Choosing to be an aggressive investor means you are willing to risk more money for the possibility of better returns. This makes sense only if you have the luxury of time or have a long investment horizon. But if you need the money very soon, take caution. As you move closer to your investment goal, you need to adjust your strategy to protect your gains.

If you are an investment newbie, it also helps to build an emergency fund before you start investing. Make sure you have set aside cash for unexpected events such as for medical emergencies or job loss. The last thing you need is being forced to sell your assets in a down market like in this pandemic.

For those with a high-risk appetite, First Metro Asset Management (FAMI) recommends its balanced fund and equity-laced funds. “These funds provide returns that beat inflation and are ideal for meeting long-term goals such as retirement, funding children’s education, or business capital,” said Sheila Limon, head of Sales at FAMI.

For the Conservative Sheep

For those who opt to stay on the conservative side, there is no harm in starting out as a sheep. But if you have many years ahead of your investment goal, you may want to overcome your fear and be a little bit more aggressive. Being too conservative can be damaging if it prevents you from growing your portfolio fast enough to beat inflation over time.

If you have more cash to spare than what you need for emergency or daily use, you may want to invest more to make your money work harder for you. Focus on your long-term goal and ride out the short-term peaks and troughs in the market.

For those with low-risk appetites, Ms. Limon recommended money market, fixed income, and dollar bond funds. “These provide prudent price appreciation without the high volatility of the stock market. They are also perfect for goals that are in the short- to medium-term as they give investors returns that is potentially higher than the usual time deposits, government bonds, and even corporate papers,” she explained.

From Sheep to Lion

While conservativism has its merits, you cannot become rich by staying meek as a sheep forever. Investors with a low-risk appetite can still improve their risk appetite.

One way is to determine where your financial goals are in your time horizon. One or two years of a down market would not matter if your financial goal is still 20 years down the road. Long-term goals (10 years or more) can be funded with equity-laced investments that beat inflation and significantly increase in value over time. These investments also require less money to fund these goals, as they provide more returns for the long term. This means you will have more resources available to meet other needs and financial goals.

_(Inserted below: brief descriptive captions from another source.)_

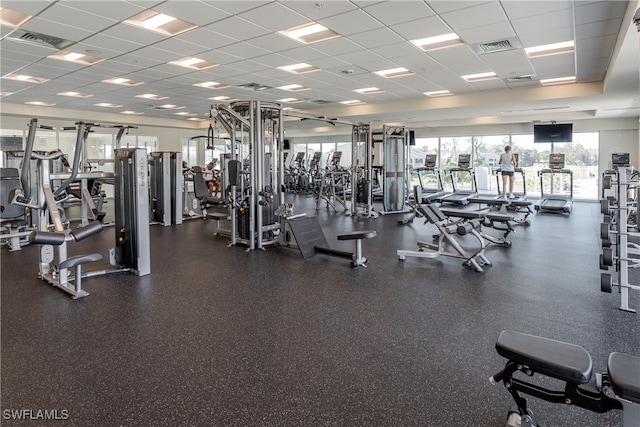 gym with a drop ceiling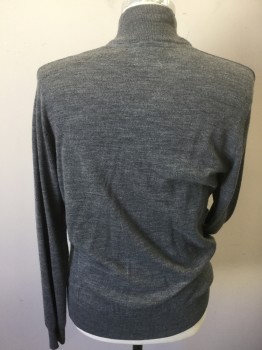 Mens, Cardigan Sweater, SALT OF THE EARTH, Gray, Wool, Acrylic, Solid, 40, Large, Zip Front, Textured Knit Front, Rib Knit Collar/Cuffs/Waistband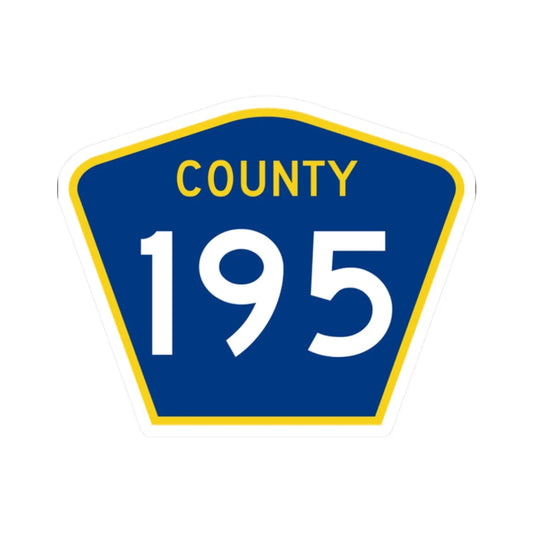 County 195 MN (Minnesota) (Road Sign) STICKER Vinyl Kiss-Cut Decal 2 Inch White - The Sticker Space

Take courage to step outside of your comfort zone. Educate yourself and read up on investing before you move forward. Then start by making a small investment in a riskier asset, then grow it slowly over time. You will learn how to do things as you go. Every small win will boost your confidence and every loss will teach you important lessons that will help you get it right the next time. Either way, you build the confidence that comes with experience.

If you want to undergo training, take advantage of the many options available in the market. First Metro Securities (FirstMetroSec) offers free online seminars, as well as resources on YouTube and Spotify. Its podcast, Philippine Stock Market Weekly, is one of the most popular Filipino business podcasts on Spotify and serves as a go-to source for timely economic and market insights.

All these mean that a conservative investor can still invest in riskier investments if they are clear with their financial goals and investment horizon. History, after all, has shown that the stock market always rises.

“Current stock market levels are even much higher than before the 2008 Global Financial Crises. These would be the best time to buy as prices are cheaper,” said Mark Angeles, head of Research of FirstMetroSec.